Les intérieurs de Vermeer, Pieter de Hooch, Samuel van Hoogstraten, les petites rues et ruelles, les places qui sont peintes nous ont toujours donné à voir la vie quotidienne des Hollandais des XVI et XVII siècle. Cependant, ils gardent tout de même une part de mystères sur la vie privée et intime, même s’il y a quelques tableaux dans ce sens. The Miniaturist de Jessie Burton imagine ce qu’il peut se passer derrière ces fenêtres et ces portes.

L’âge d’or hollandais fait partie de ces périodes historiques que j’adore que j’ai eu la chance de pouvoir étudier. En revanche, ce roman est véritablement un des premiers que je lis concernant cette période. Après avoir terminé celui-ci, je ne pense pas m’arrêter en si bon chemin, car il fut un coup de coeur sous bien des aspects dont l’un des premiers tient au talent de l’auteur pour faire revivre la société hollandaise de cette époque. Elle se rapproche d’une vérité historique, même si le livre a un petit côté fantastique, fantasmagorique. Les principaux éléments sont présents : l’importance de la ville (tout doit être fait pour sa gloire, et notamment par delà ses murs), l’importance également accordée à l’argent quoi doit être autant montré que caché, une société marchande avant tout, la religion et sa place parfois ambiguë… Je les ai trouvé bien développés dans la mesure où ils m’ont donné l’impression de vivre et d’évoluer aux côtés de Nella et de sa nouvelle vie à Amsterdam. Je n’ai pas eu l’impression d’un gros décalage historique ou d’énormes anachronismes.

L’aspect historique est un premier positif. Cependant, couplé à l’ambiance que Jessie Burton met doucement en place, il ne m’en fallait pas plus pour que le coup de coeur s’annonce. Je suis relativement friande de mystères qui se cachent derrière les portes, de secrets de famille bien cachés… J’ai vraiment été servie, car dans The Miniaturist, l’auteur propose révélations sur révélations. Elles peuvent paraître parfois un peu rocambolesques, mais elles ont sur aussi me charmaient, car elles me montraient différents aspects de la société d’Amsterdam en mettant en scène un personnage de couleur, un homosexuel, des femmes de toute conditions. La manière dont ils essaient de composer avec la société qui les observe et les juge constamment, prête à sauter sur leur moindre faux pas, renforce l’ambiance pesante du roman. Comme les personnages, le lecteur ne sait plus sur quel pied danser et à qui faire confiance. Cette oppression, ce sentiment lugubre qui habite la maison de Nella se retrouve aussi dans les descriptions de la ville et du temps. Du coup, le sentiment d’évoluer auprès des personnages s’en trouve renforcé. J’ai véritablement été immergée dans leurs vies quotidiennes et leurs drames. Impossible de lâcher le livre avant de savoir la fin.

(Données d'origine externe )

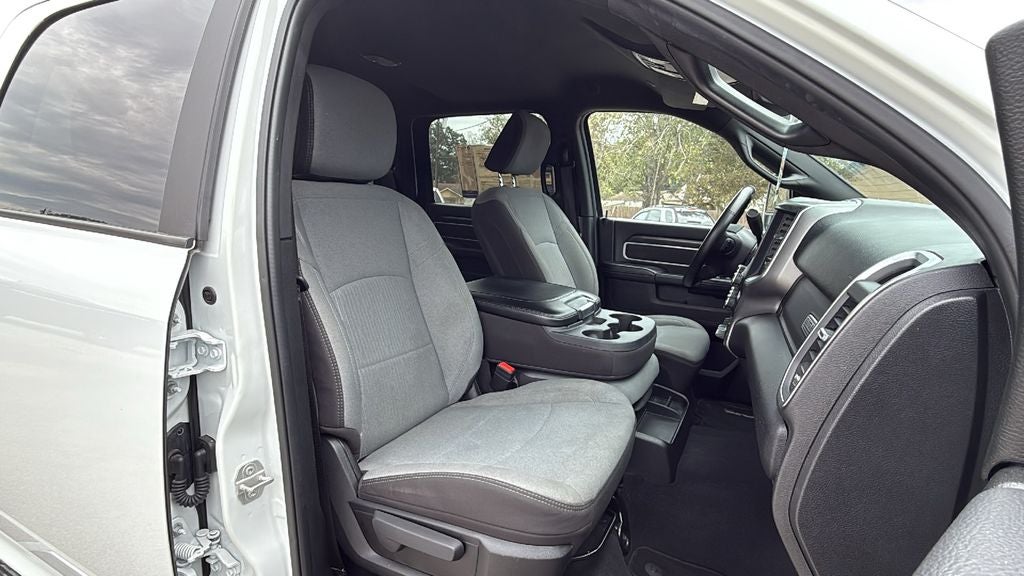 2024 RAM 3500 Big Horn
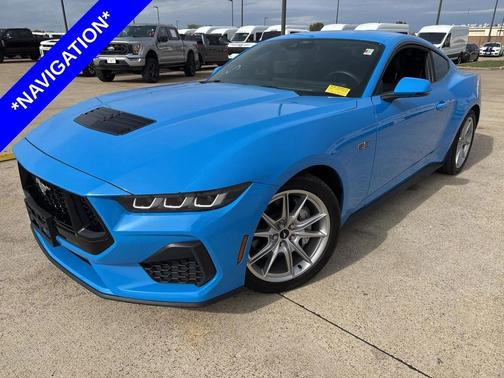 2024 Ford Mustang GT Premium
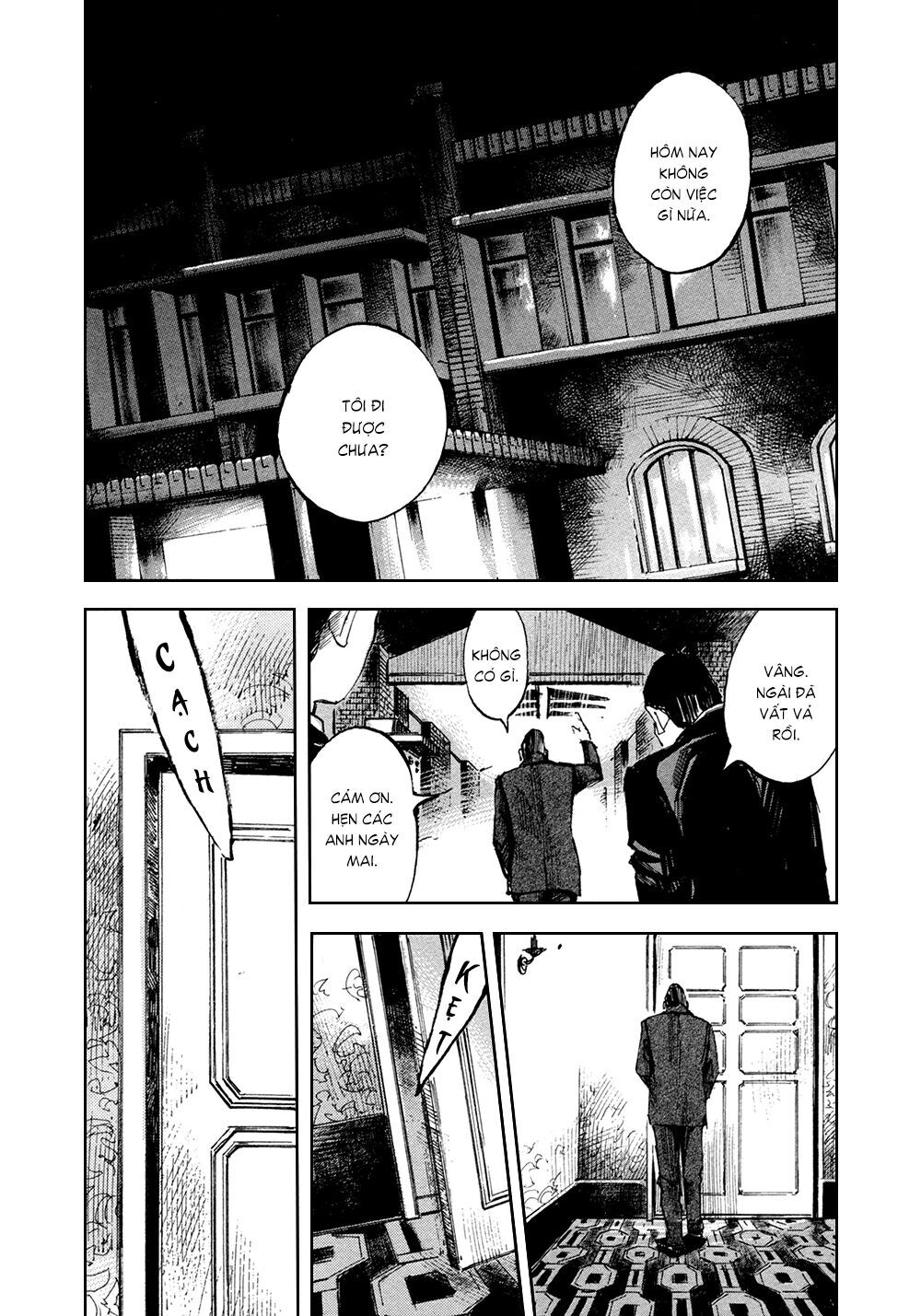 Hito Hitori Futari - Trang 13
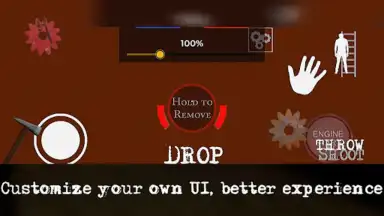 Screenshot von Cursed House Multiplayer 2 4
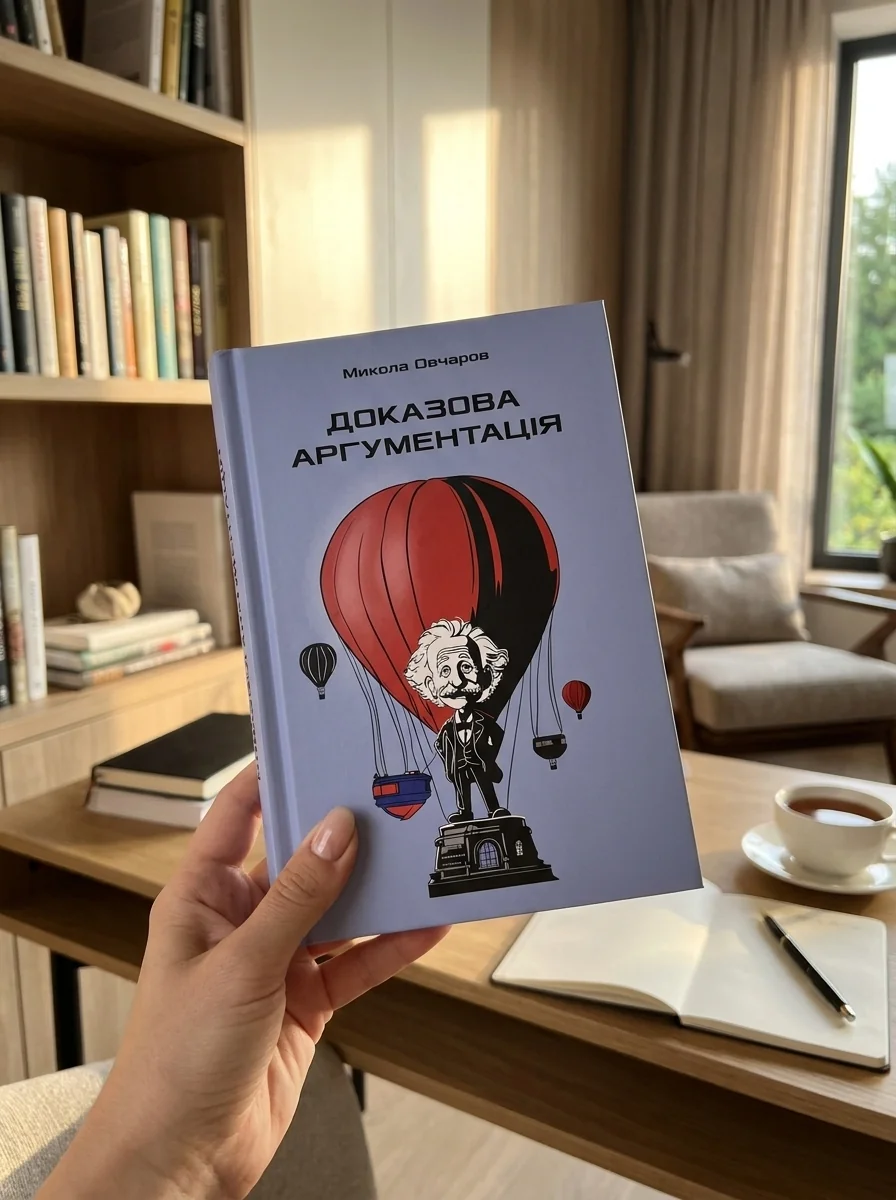 Доказова аргументація — фото 2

De plus, j’ai trouvé toute l’intrigue autour du miniaturiste et de la maison de poupée absolument génial. Le fait qu’elle permettait au personnage principal d’en apprendre plus sur son entourage m’a énormément plu. J’ai adoré cette idée et la manière dont elle a été développée. Elle apporte aussi sa touche de mystère. Tout comme Nella, j’attendais avec impatience la prochaine livraison. Avec un peu d’anxiété également ! C’est un élément étonnant de l’intrigue qui apporte quelque chose en plus, sans pour autant prendre toute la place. Cette maison n’est parfois qu’une présence fantomatique.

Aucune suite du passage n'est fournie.